[[ Given data open ]]
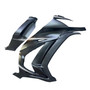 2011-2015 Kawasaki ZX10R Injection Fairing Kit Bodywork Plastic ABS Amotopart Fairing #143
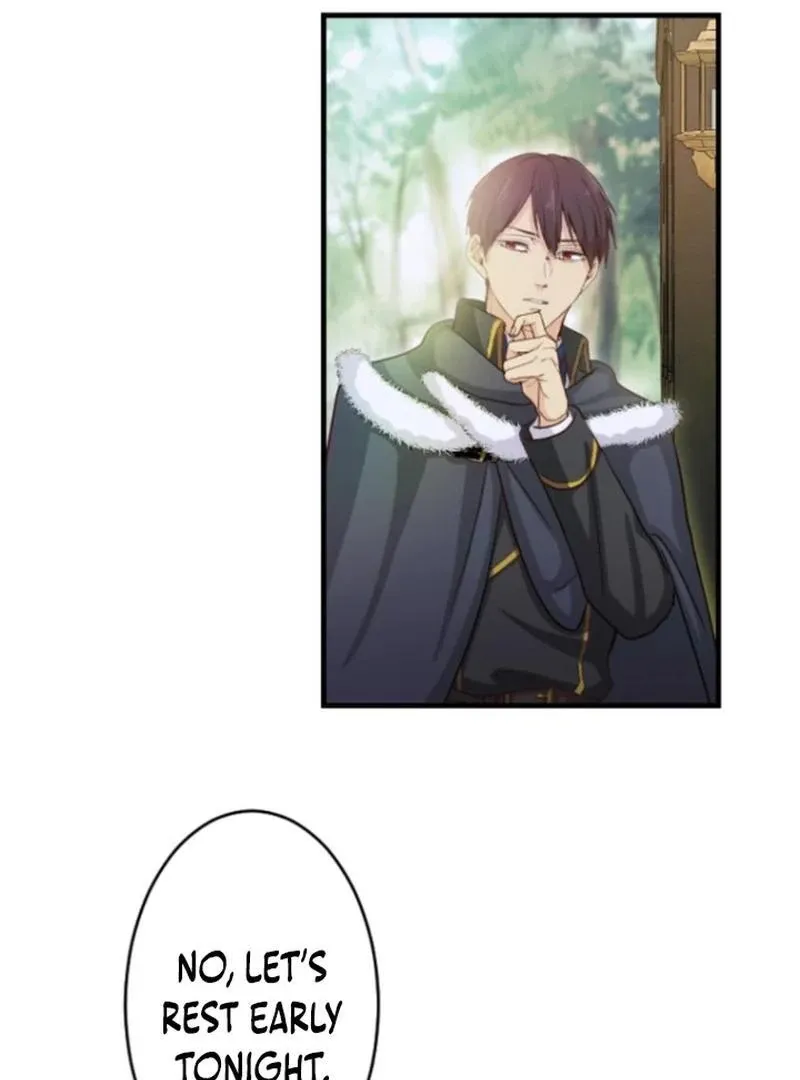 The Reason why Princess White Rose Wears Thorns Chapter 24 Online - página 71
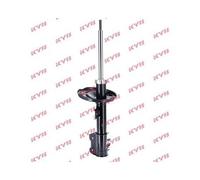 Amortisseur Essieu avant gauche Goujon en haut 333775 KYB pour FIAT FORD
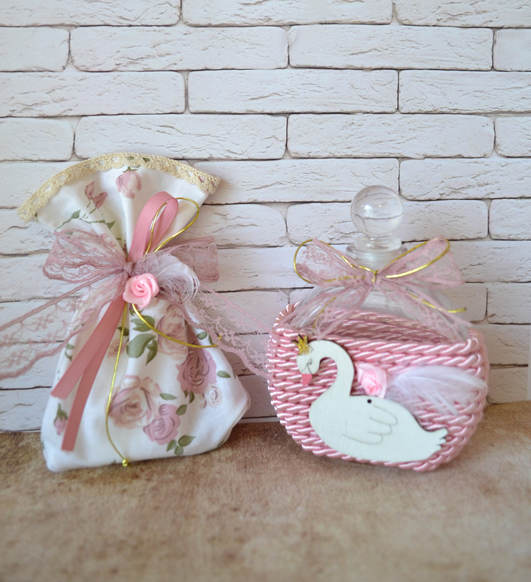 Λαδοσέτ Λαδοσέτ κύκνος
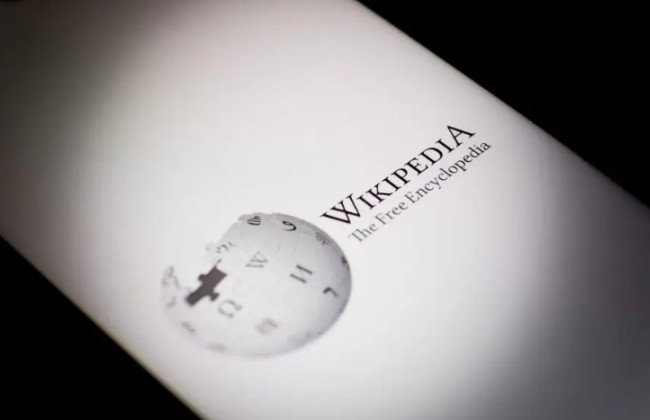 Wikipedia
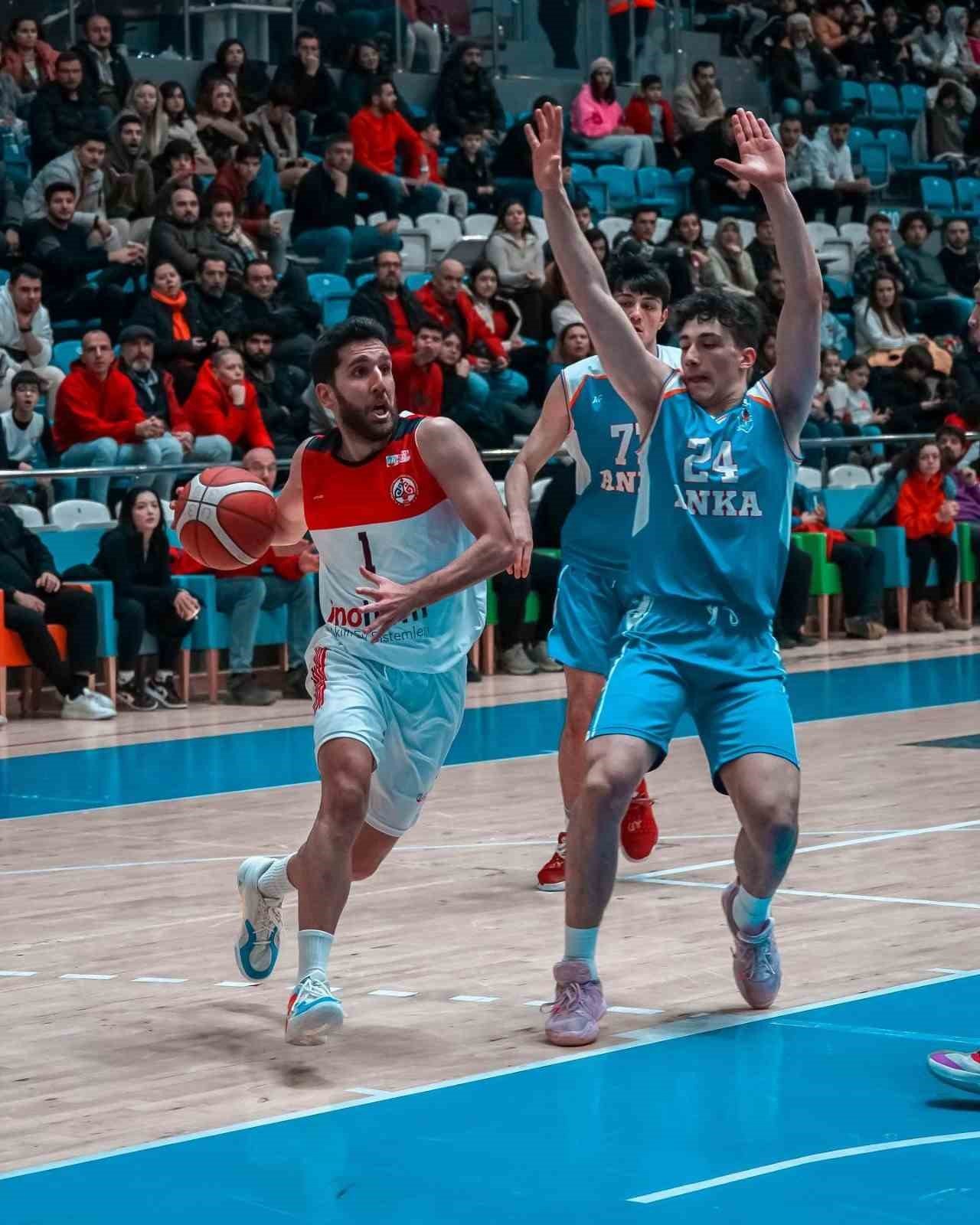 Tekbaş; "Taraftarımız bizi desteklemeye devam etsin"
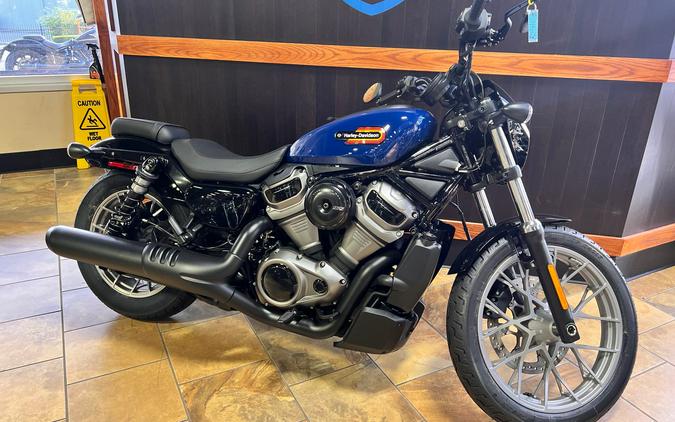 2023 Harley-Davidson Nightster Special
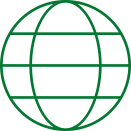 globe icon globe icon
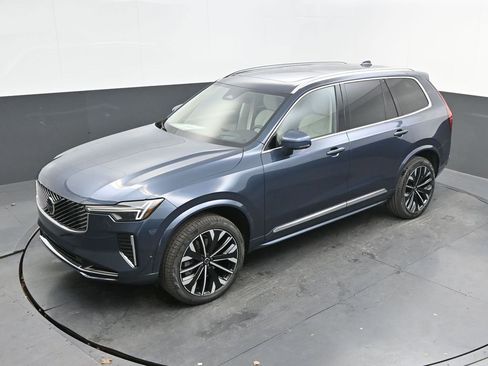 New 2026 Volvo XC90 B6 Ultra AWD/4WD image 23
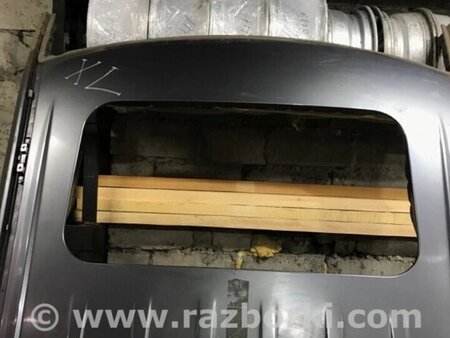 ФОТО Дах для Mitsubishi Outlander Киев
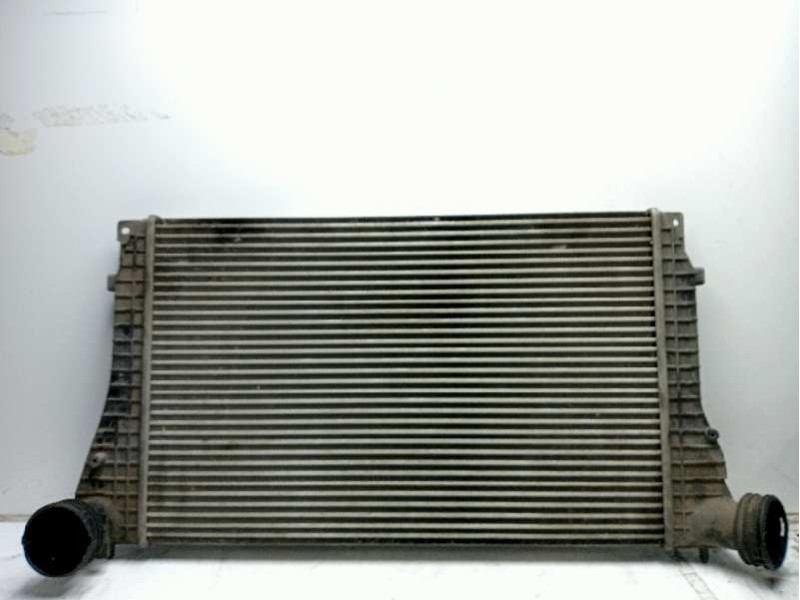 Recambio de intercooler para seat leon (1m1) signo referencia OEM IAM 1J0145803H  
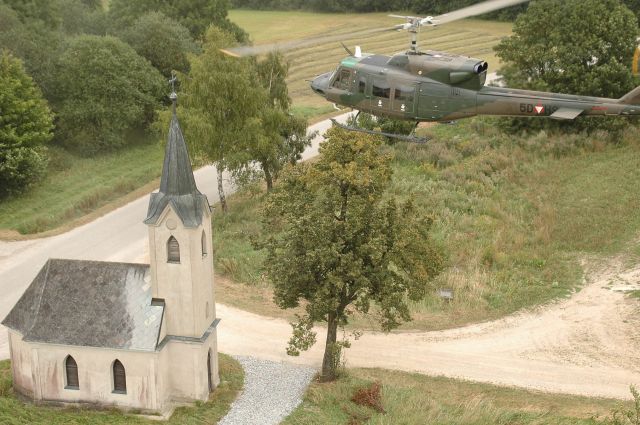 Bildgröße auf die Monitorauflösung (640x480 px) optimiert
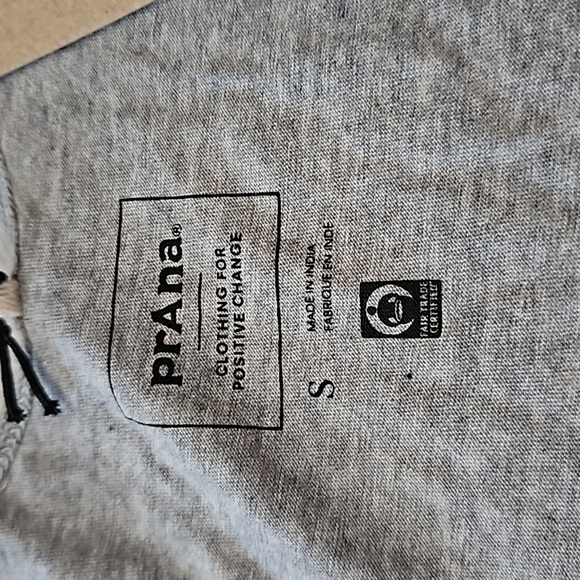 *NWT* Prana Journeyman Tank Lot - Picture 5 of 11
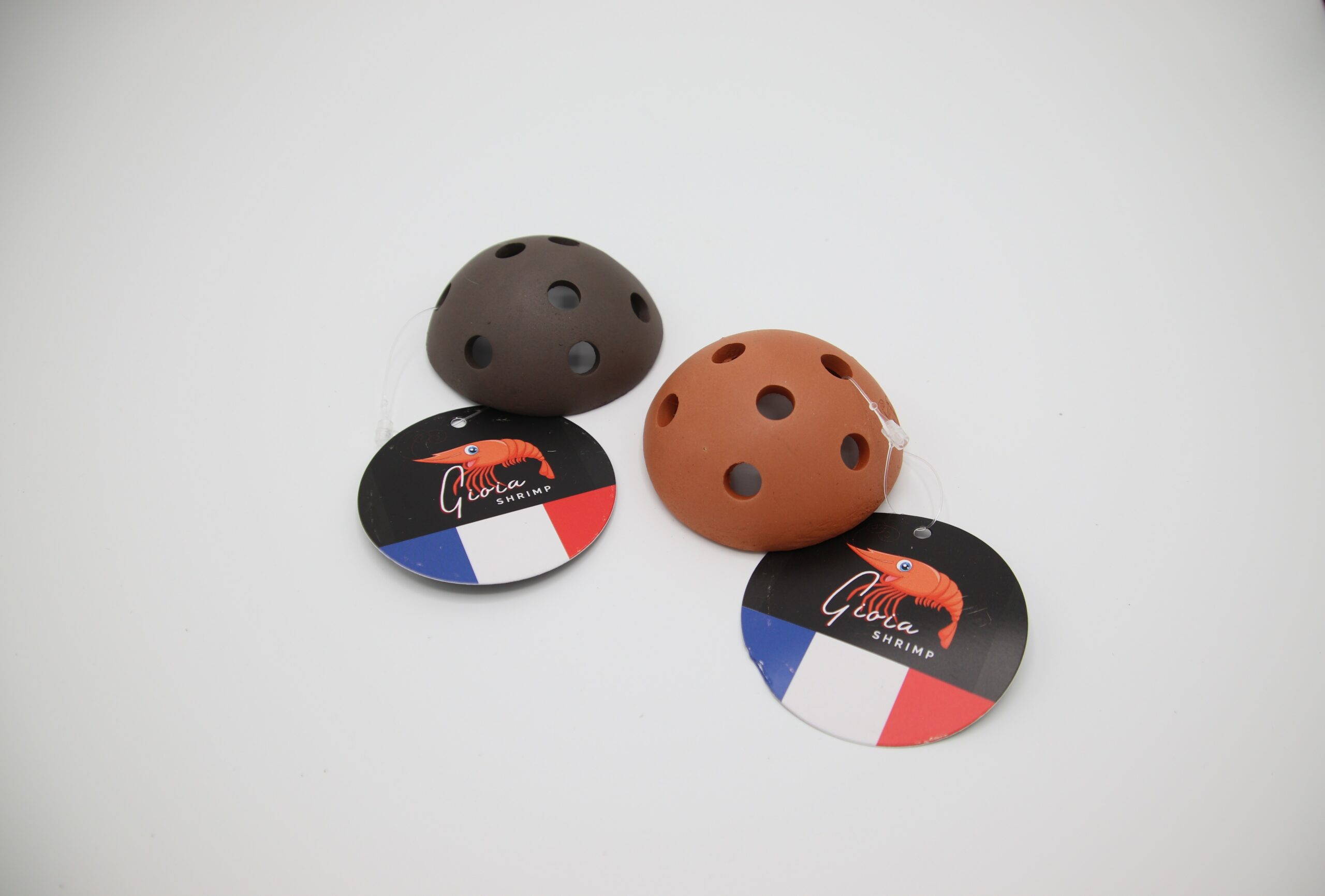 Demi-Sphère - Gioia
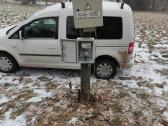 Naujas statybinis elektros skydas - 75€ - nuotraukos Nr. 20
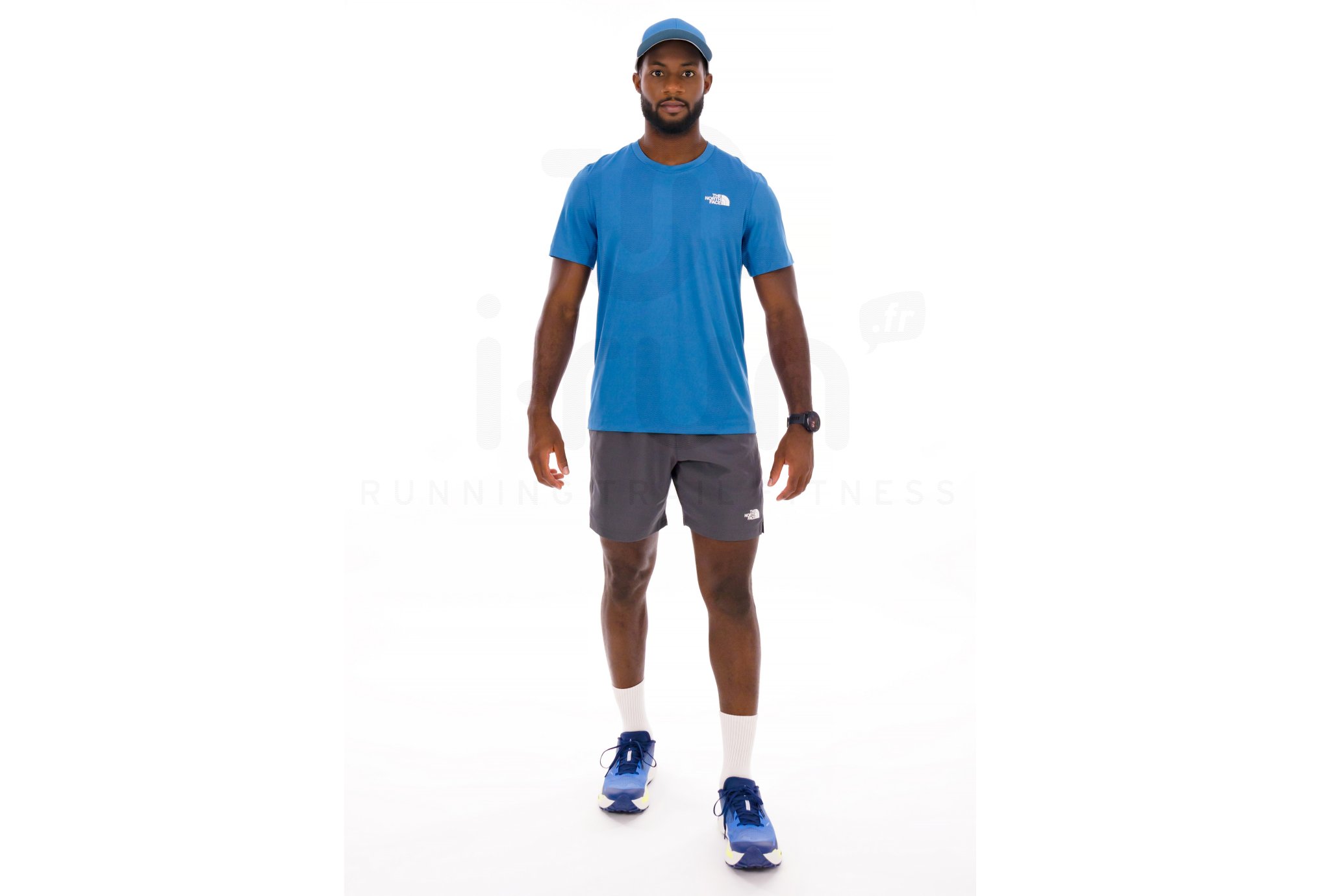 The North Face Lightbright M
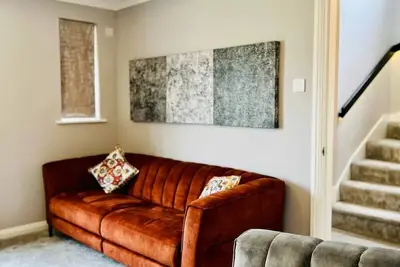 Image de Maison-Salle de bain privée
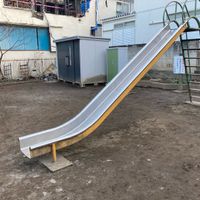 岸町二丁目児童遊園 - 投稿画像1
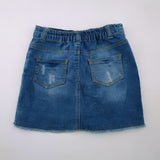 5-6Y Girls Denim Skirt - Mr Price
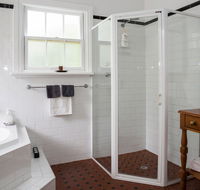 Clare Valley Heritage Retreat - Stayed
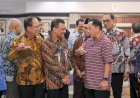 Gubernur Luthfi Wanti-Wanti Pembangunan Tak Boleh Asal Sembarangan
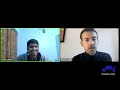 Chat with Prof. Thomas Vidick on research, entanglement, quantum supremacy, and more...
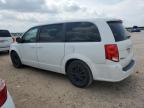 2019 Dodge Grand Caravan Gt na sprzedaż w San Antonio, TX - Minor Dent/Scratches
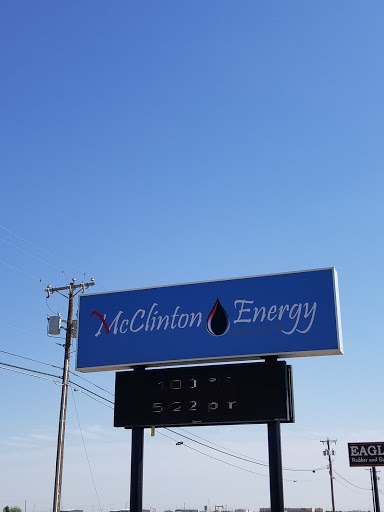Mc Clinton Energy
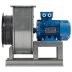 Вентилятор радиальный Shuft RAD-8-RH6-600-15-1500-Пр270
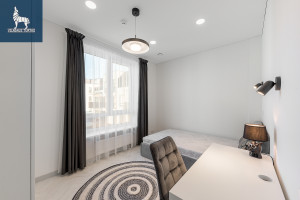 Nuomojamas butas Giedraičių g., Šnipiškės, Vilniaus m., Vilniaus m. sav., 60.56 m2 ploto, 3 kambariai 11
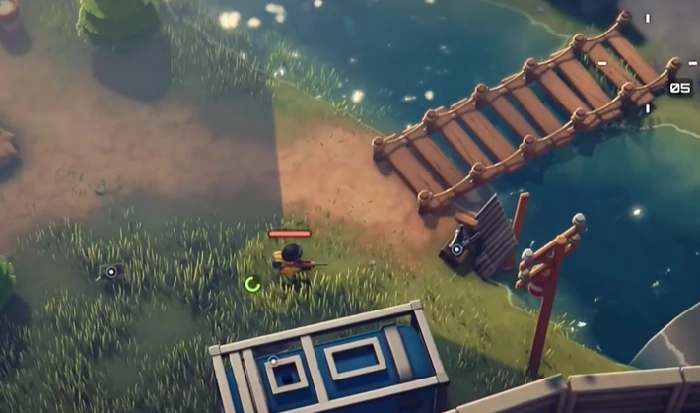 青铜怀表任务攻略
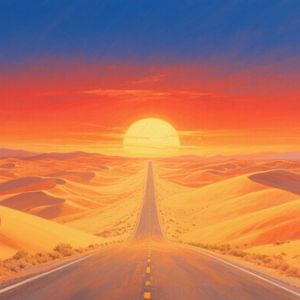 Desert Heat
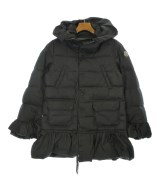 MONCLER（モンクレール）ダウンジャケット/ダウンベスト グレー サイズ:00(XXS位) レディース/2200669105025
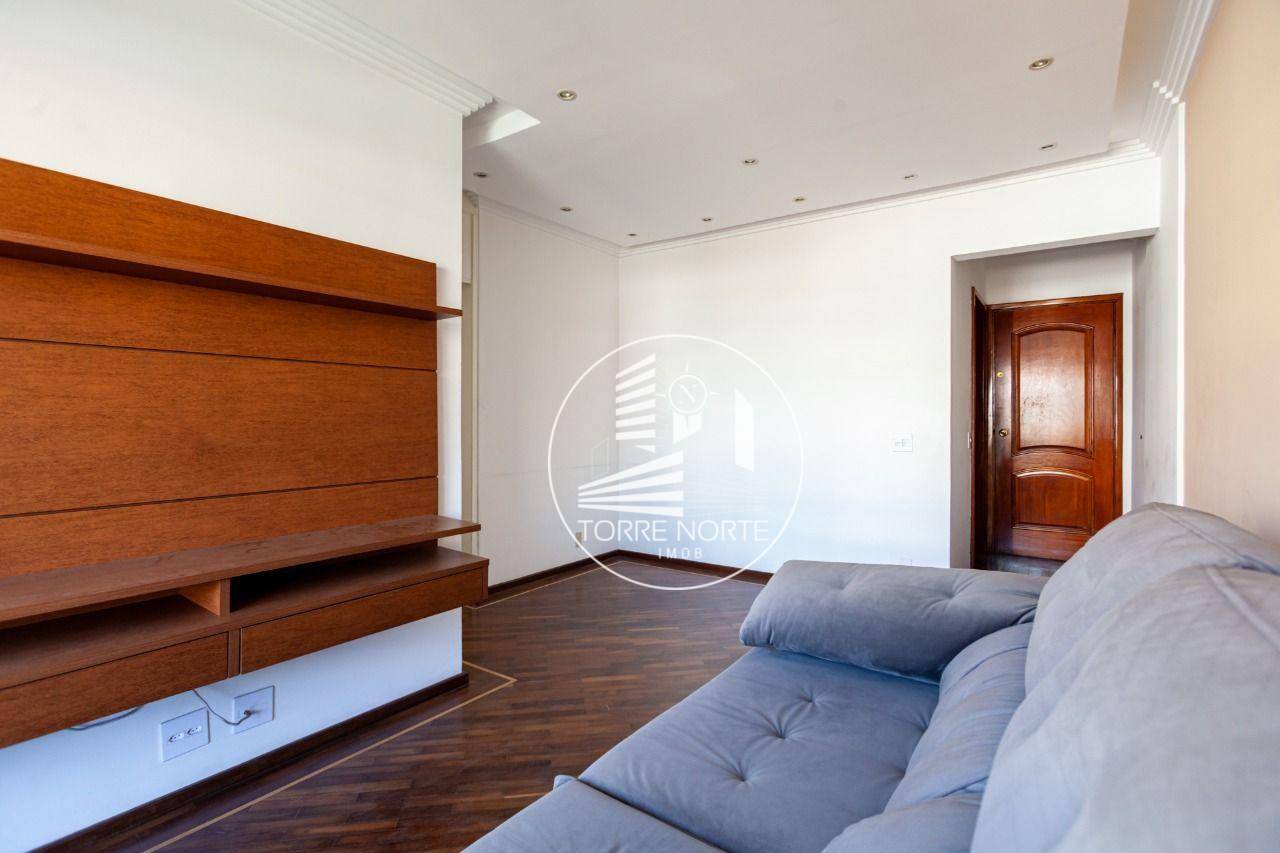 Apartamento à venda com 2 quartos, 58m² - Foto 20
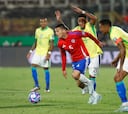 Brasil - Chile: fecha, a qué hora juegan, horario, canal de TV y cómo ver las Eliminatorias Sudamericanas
[[ Given data closed ]]
» **Task requirements**
The answer is the complete set of records, copied exactly, with pictures omitted.

» **Solution to this task**
 2011-2015 Kawasaki ZX10R Injection Fairing Kit Bodywork Plastic ABS Amotopart Fairing #143
 The Reason why Princess White Rose Wears Thorns Chapter 24 Online - página 71
 Amortisseur Essieu avant gauche Goujon en haut 333775 KYB pour FIAT FORD
 Λαδοσέτ Λαδοσέτ κύκνος
 Wikipedia
 Tekbaş; "Taraftarımız bizi desteklemeye devam etsin"
 2023 Harley-Davidson Nightster Special
 globe icon globe icon
 New 2026 Volvo XC90 B6 Ultra AWD/4WD image 23
 ФОТО Дах для Mitsubishi Outlander Киев
 Recambio de intercooler para seat leon (1m1) signo referencia OEM IAM 1J0145803H  
 Bildgröße auf die Monitorauflösung (640x480 px) optimiert
 *NWT* Prana Journeyman Tank Lot - Picture 5 of 11
 Demi-Sphère - Gioia
 Naujas statybinis elektros skydas - 75€ - nuotraukos Nr. 20
 The North Face Lightbright M
 Image de Maison-Salle de bain privée
 岸町二丁目児童遊園 - 投稿画像1
 5-6Y Girls Denim Skirt - Mr Price
 Clare Valley Heritage Retreat - Stayed
 Gubernur Luthfi Wanti-Wanti Pembangunan Tak Boleh Asal Sembarangan
 Chat with Prof. Thomas Vidick on research, entanglement, quantum supremacy, and more...
 2019 Dodge Grand Caravan Gt na sprzedaż w San Antonio, TX - Minor Dent/Scratches
Mc Clinton Energy
 Вентилятор радиальный Shuft RAD-8-RH6-600-15-1500-Пр270
 Nuomojamas butas Giedraičių g., Šnipiškės, Vilniaus m., Vilniaus m. sav., 60.56 m2 ploto, 3 kambariai 11
 青铜怀表任务攻略
 Desert Heat
 MONCLER（モンクレール）ダウンジャケット/ダウンベスト グレー サイズ:00(XXS位) レディース/2200669105025
 Apartamento à venda com 2 quartos, 58m² - Foto 20
 Brasil - Chile: fecha, a qué hora juegan, horario, canal de TV y cómo ver las Eliminatorias Sudamericanas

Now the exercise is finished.